Transiberiano, Rússia - Listvyanka


Mais uma vez em movimento. Estava a caminho de Irkutsk e do Lago Baikal.
Olhando pela janela, finalmente a taiga dava sinais evidentes de estar a ceder. Menos densa e um pouco mais esparsa. Já permitia espreitar para além dela. Visões das planícies, da estepe e alguns lagos iam surgiam aqui e ali.
A acompanhar a linha de ferro, lembrando ilhotas urbanas, pela primeira vez viam-se pequenos aglomerados de casas de madeira, aguerridamente coloridas, pequenas cercas, tipo estacas espetadas no solo e algumas hortas no seu interior.
Agricultores carregavam as enxadas aos ombros e pickups lamacentas quase escondendo as suas cores originais percorrem caminhos que mal merecem esse nome.

Este é o reino do permafrost. O solo está permanentemente congelado. Mas durante o breve verão siberiano, literalmente duas ou três dezenas de centímetros da superfície do solo descongela e permite estes milagres do florescimento.
No entanto abaixo desta crosta descongelada, uma imensa camada de solo permanece gelado. Figurativamente é um icebergue. 
Para os vinte ou trinta centímetros de solo descongelado, temos oitocentos a mil metros de solo congelado.

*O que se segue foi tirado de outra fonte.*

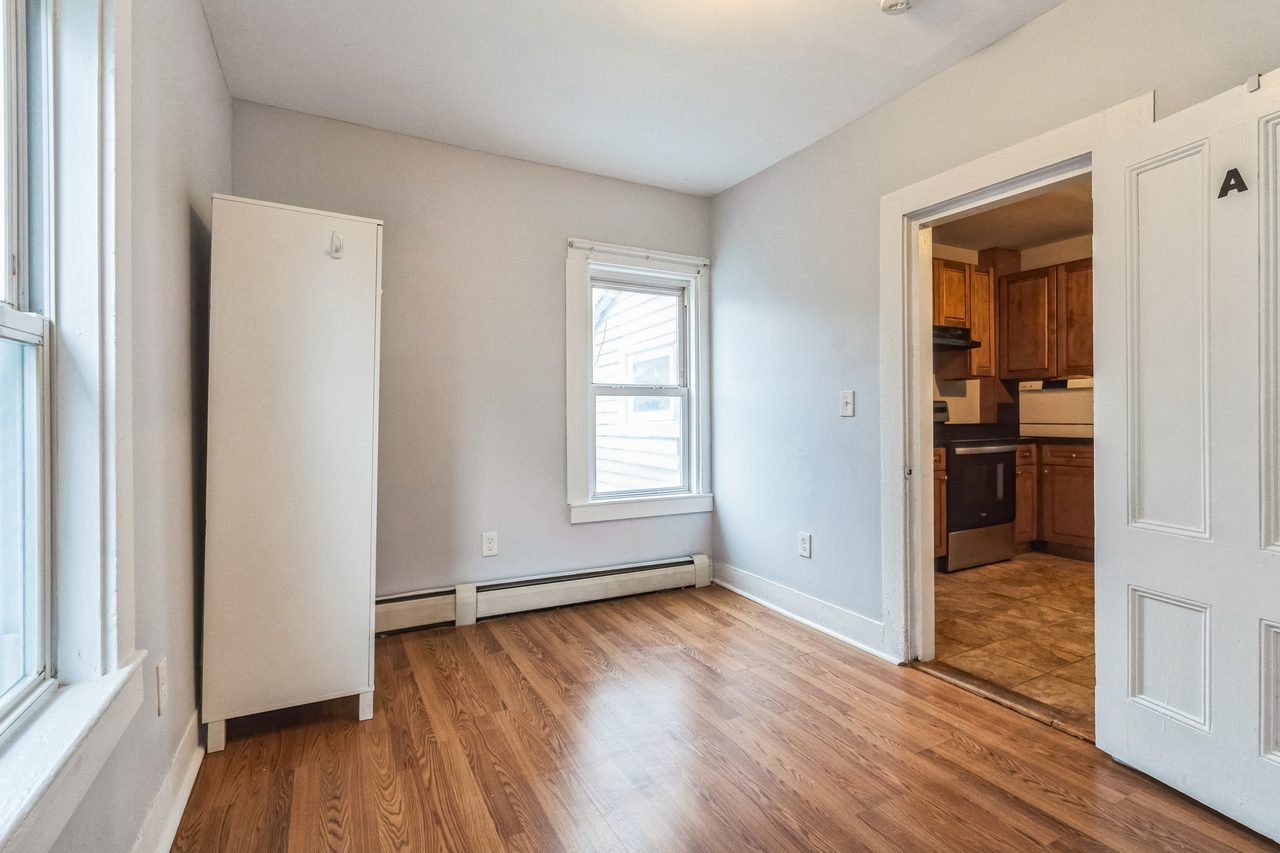 #1806: Somerville - Queen Bedroom A - #1806: Somerville - Gallery - 2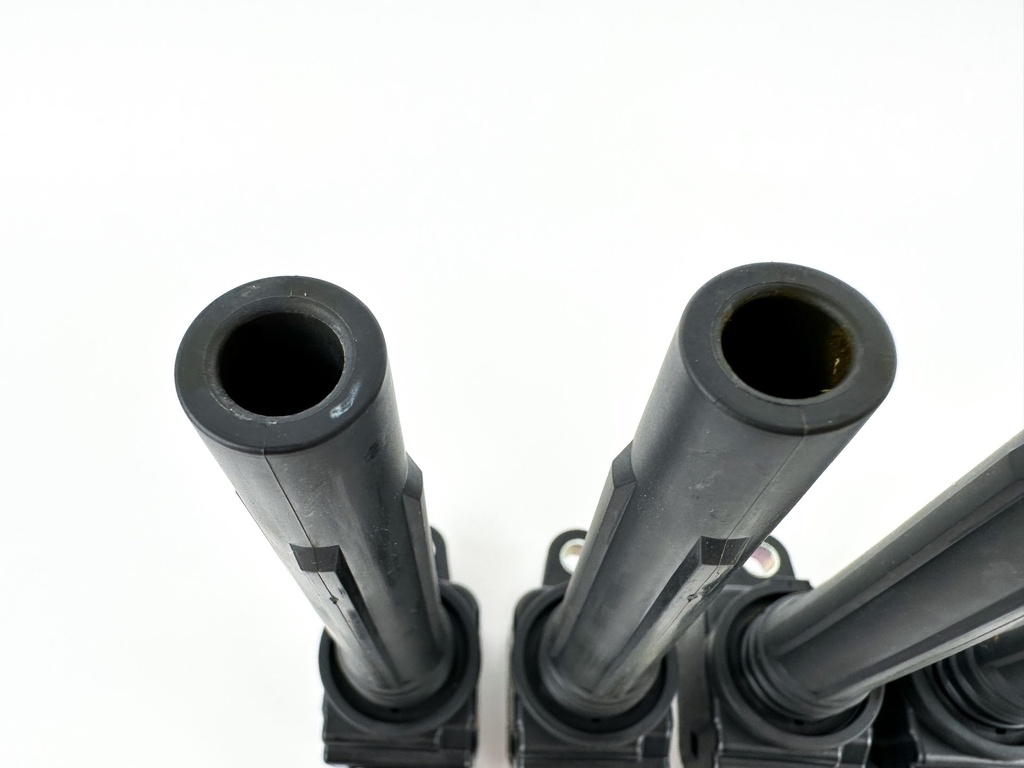 2024 Suzuki 250 HP 4 Stroke Outboard Ignition Coil Set 33410-93J00 OEM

O livro O Sétimo Selo de José Eduardo Rodrigues dos Santos relaciona directamente as alterações climáticas com a queima de combustíveis fósseis e o aumento do teor dos gases de estufa.
Uma das grandes preocupações abordadas no livro é a diminuição do permafrost siberiano.

Sabe-se que a camada de permafrost está a diminuir. Mesmo no período de Inverno.
Com o aumento global das temperaturas o solo absorve mais calor durante o Verão e liberta-o durante mais tempo e intensivamente no Inverno mantendo anormalmente o descongelamento superficial do solo nesta estação.
O resultado é que torna-se mais escuro (perde a sua brancura que reflecte a luz do sol) e a sua capacidade de absorver calor aumenta. Torna-se um círculo vicioso.
Mais escuro absorve mais calor no Verão e liberta mais calor no Inverno e o solo vai escurecendo, descongelando cada vez mais de ano para ano, tornando-se cada vez menos reflectivo.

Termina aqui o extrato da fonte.